Data sources: EIA-860 (2024), CPUC HFTD Tier 2/3 Map, CAL FIRE FRAP Fire Perimeters (2000-2024), LBNL Interconnection Queue, HIFLD Electric Power Transmission Lines, NWS Red Flag Warning archive (2013-2024, via Iowa Environmental Mesonet), CPUC PSPS event data (2019-2024). Analysis code available in this repository.

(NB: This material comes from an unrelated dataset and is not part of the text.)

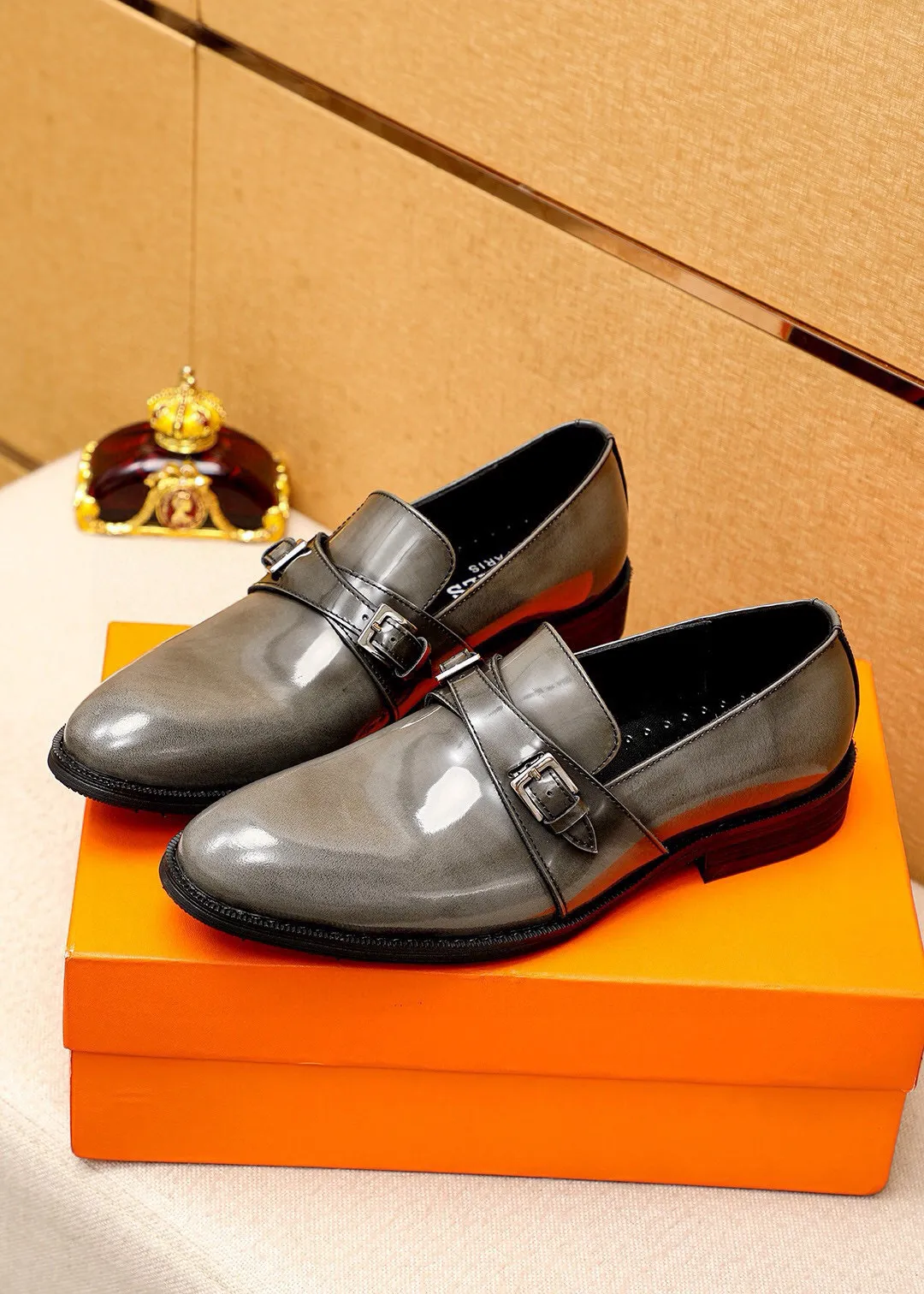 Men's shoes 💰480💐 Product trademark: HERMES "Hermès" business leather shoes Regular size: 38-44 (45🉑️customized) Product materials: Selected imported first-layer open-edge beaded calfskin upper, imported water-dyed 🐂 cowhide lining. Strong three-dimensional visual effect, non-slip and wear-resistant combination outsole Color: 2⃣️colors available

Methodological note: Generation assets are represented as points (EIA-860 lat/lon). Fire exposure is determined by point-in-polygon overlay against CAL FIRE perimeters ≥100 acres (2000-2024). This approach undercounts exposure for spatially extended facilities and misses near-miss events. HFTD overlay uses the CPUC Fire Threat Map Tiers 2 & 3, layer named V4__2022_04_01 inside geodatabase file CPUC_FireThreatMapTiers2_3_v3r_08_19_2021.gdb. Pipeline analysis uses county-level resolution due to the absence of precise coordinates in LBNL queue data; "fire-prone county" is defined as one where ≥25% of existing operable generators fall in HFTD zones (25 of 55 counties with generation). Transmission HFTD exposure is computed by line-polygon intersection in EPSG:3310 (California Albers) for accurate length calculations; 2,132 CA transmission lines from HIFLD (queried via spatial bounding box, not state field). Generator grid-connection vulnerability uses a nearest-line proxy: each generator is assigned its geographically nearest transmission line and inherits that line's HFTD exposure percentage. This is an approximation—generators may not connect to the nearest high-voltage line. The 25% HFTD threshold for "corridor exposure" matches the county-level threshold used elsewhere. Fire weather analysis maps generators to NWS fire weather zones via point-in-polygon join, then counts Red Flag Warning events (phenomena == 'FW') per zone across 12 years (2013-2024). PSPS statistics are aggregate summaries from a separate analysis of CPUC shutoff data; circuit-level geographic mapping to generators was not performed. Plant-level aggregation yields 1,790 plants with an 18.0% HFTD rate (323 plants), close to the generator-level 18.2%. The plant-level fire-perimeter overlap rate is lower (4.0% vs 5.1%) because multi-generator hydro complexes—where fire exposure is concentrated—count as one plant.